The deal underscores how large private capital groups such as Blackstone that face fewer restrictions than banks are stepping into mainstream debt markets to help alleviate capital pressures on large lenders.

Blackstone’s credit and insurance division will buy the US credit card receivables from Barclays for an undisclosed sum, and the bank will continue to service the accounts for a fee. The sale is expected to be the first in a series of transactions to reduce its risk-weighted assets.

The move comes a week after Barclays chief executive CS Venkatakrishnan laid out a refined strategic vision for the bank, with an ambitious plan to return £10bn to shareholders through dividends and share buybacks. The goal hinges on a near 20 per cent increase in revenue in the next three years.

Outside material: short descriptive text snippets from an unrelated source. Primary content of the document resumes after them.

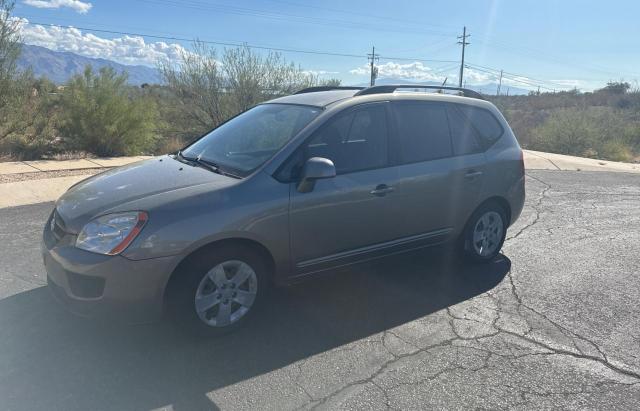 Photo 2 from auction – 2009 KIA RONDO BASE with VIN KNAFG528097221721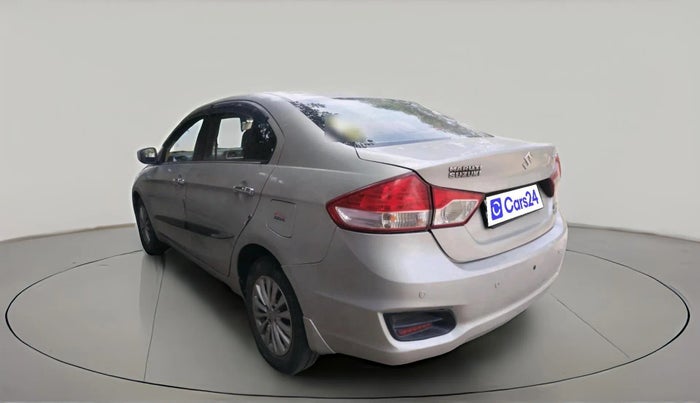 2016 Maruti Ciaz VDI+ SHVS, Diesel, Manual, 79,655 km, exterior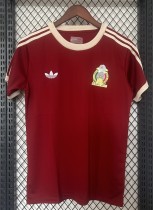 24-25 Mexico Red Special Edition Fans Training Shirts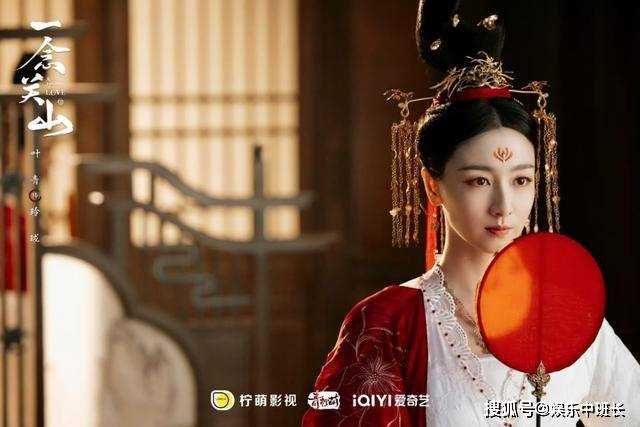 从《步步惊心》到《一念关山》 刘诗诗VS叶青两人的友情不减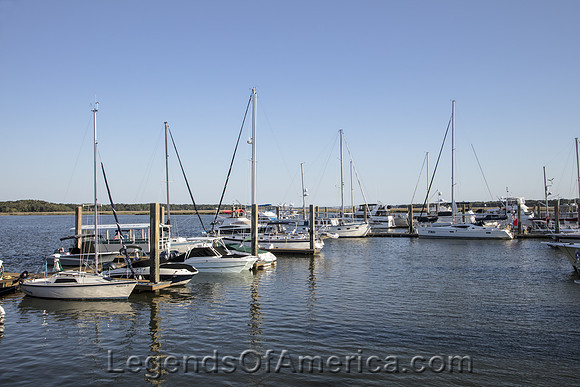 Marina in BeaufortSCHighsmith2107
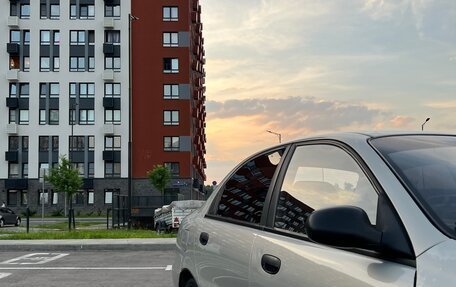Chevrolet Lanos I, 2007 год, 155 000 рублей, 14 фотография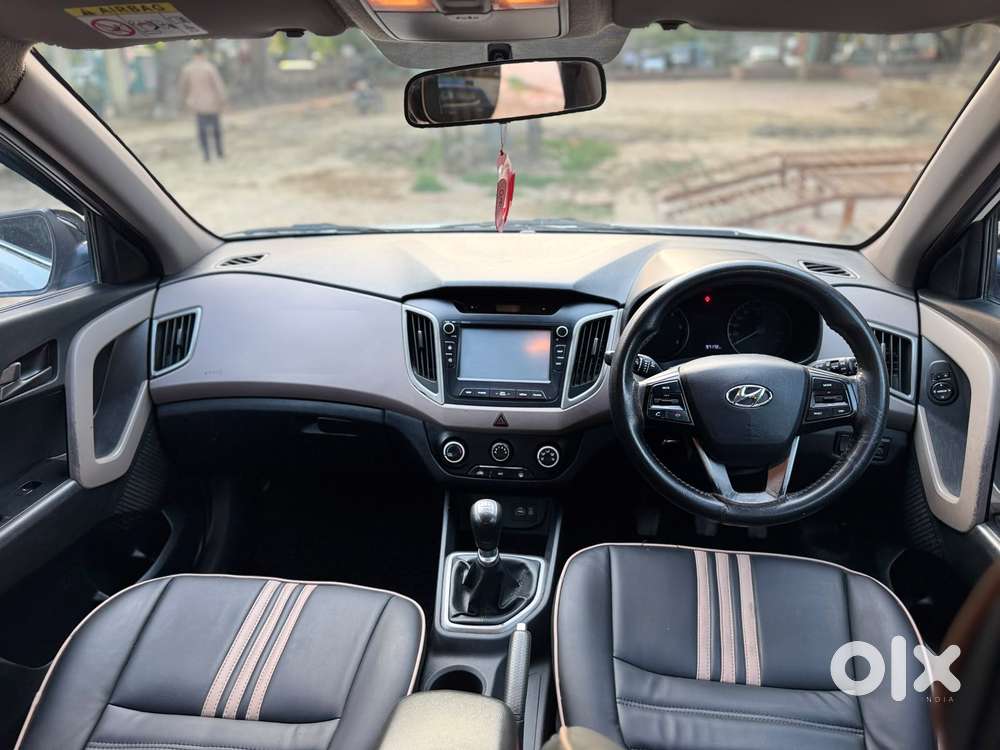 Hyundai Creta 1.4 Ex Diesel, 2020, Diesel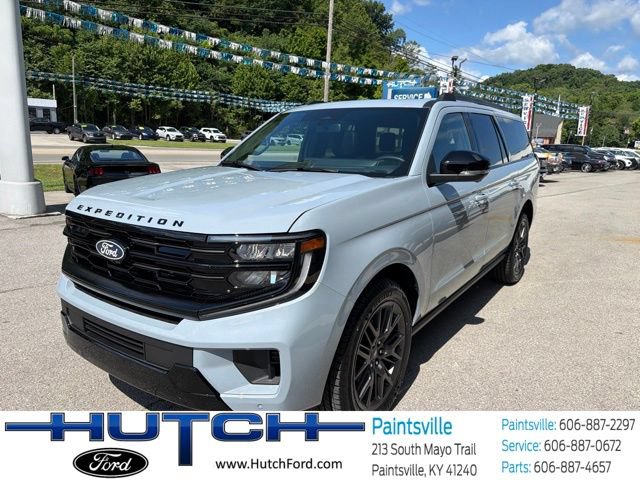 New 2027 Ford Expedition Max Platinum w/ Stealth Appearance Package AWD/4WD image 7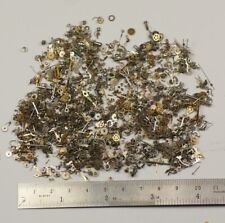 25g TINY SMALL MICRO STEAMPUNK from 1mm  Watch parts ARTS CRAFTS ALTERED cogs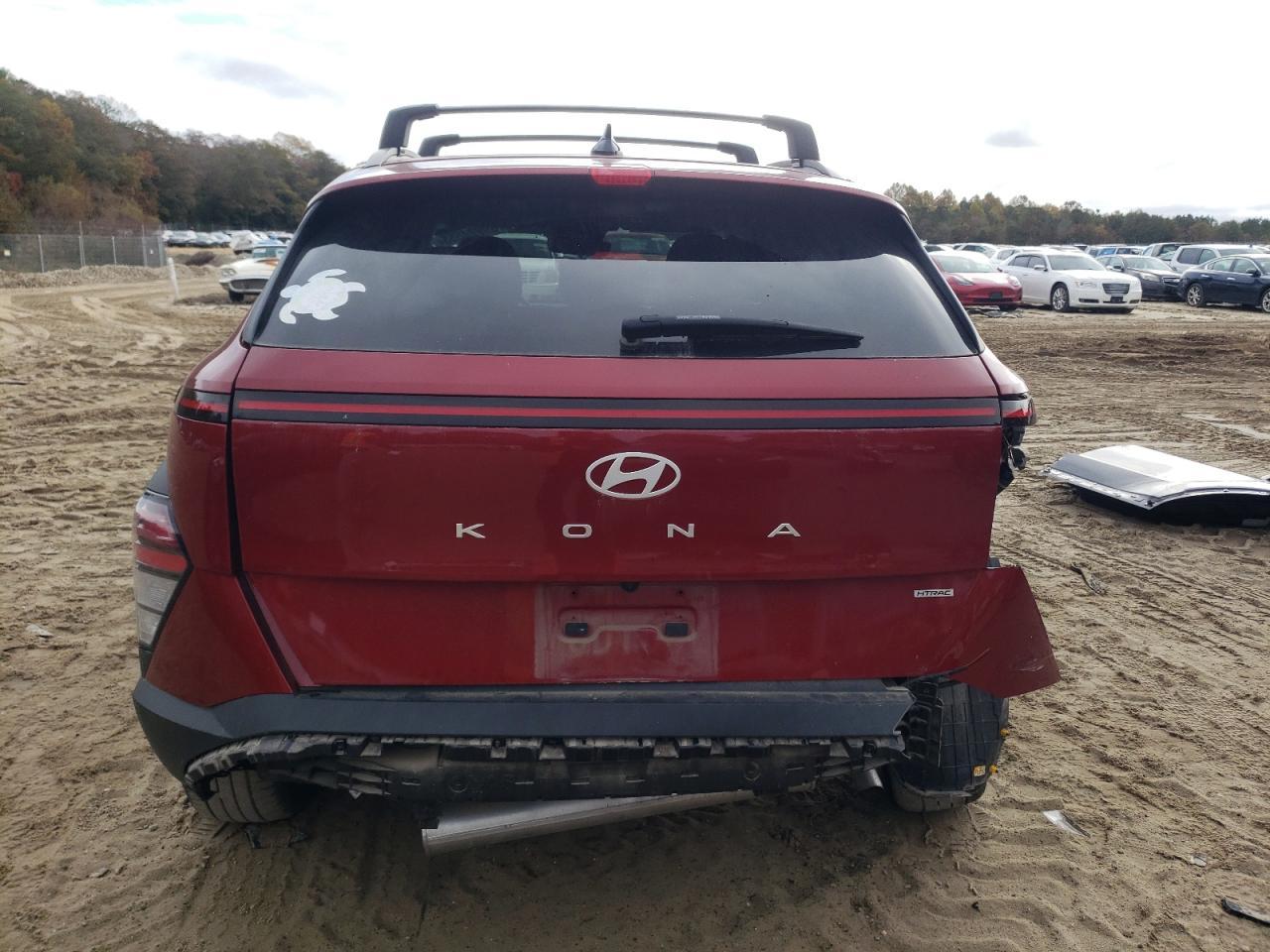 2024 Hyundai Kona Sel - Image 6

Barclays is relying on American consumers to help it achieve that aim and is targeting an $8bn increase in US credit card lending in the next three years. Selling existing debt to Blackstone will allow the bank to increase its lending capacity without adding to its capital requirements or risk.

Barclays operates a partnership model in the US market, running co-branded credit cards for 20 companies including The Gap, JetBlue Airways and the AARP. It has $32bn of net receivables and generates $3.3bn of income a year.

However, at the strategy day last week the bank said it faced a £16bn increase in US card risk-weighted assets (RWAs) as it moves to an “internal ratings-based” model, required by UK regulators. The sale to Blackstone will be the first in a series designed to offset this RWA inflation.

Barclays hopes that a long-term strategic relationship with Blackstone could lead to larger asset sales in the future, according to people familiar with the matter. It is providing Blackstone credit facilities to manage daily working capital, but it will not give seller financing, the people said.

Since the collapse of several large US regional lenders last March, Blackstone has been buying assets from banks and managing them on behalf of its credit and insurance clients. Besides credit card debts, Blackstone has picked up home improvement loans, auto loans and loans financing rooftop solar power.

Blackstone president Jonathan Gray told the Financial Times last May the world’s largest private capital group — which has $1tn of assets under management — could become a “valuable partner” to banks looking to shed assets. Its insurance customers carried lower costs of capital than banks, making them a good home for many loans, said Gray.

“Rather than putting all [of the risk] on its balance sheet, maybe they keep 50 cents [on the dollar], and put 50 cents with us,” he noted.

In a July 2023 earnings call, Gray told analysts Blackstone struck partnerships with five US lenders totalling $6bn in assets, but that figure has since grown significantly, according to people briefed on the matter.

Unlike rivals such as Apollo Global and KKR, both of which own large insurers, Blackstone manages assets it acquires on behalf of insurers such as Allstate and AIG.

Blackstone merged its credit and insurance investment operations in September in preparation for a push into asset-backed lending markets, Gray and co-founder Stephen Schwarzman have told shareholders.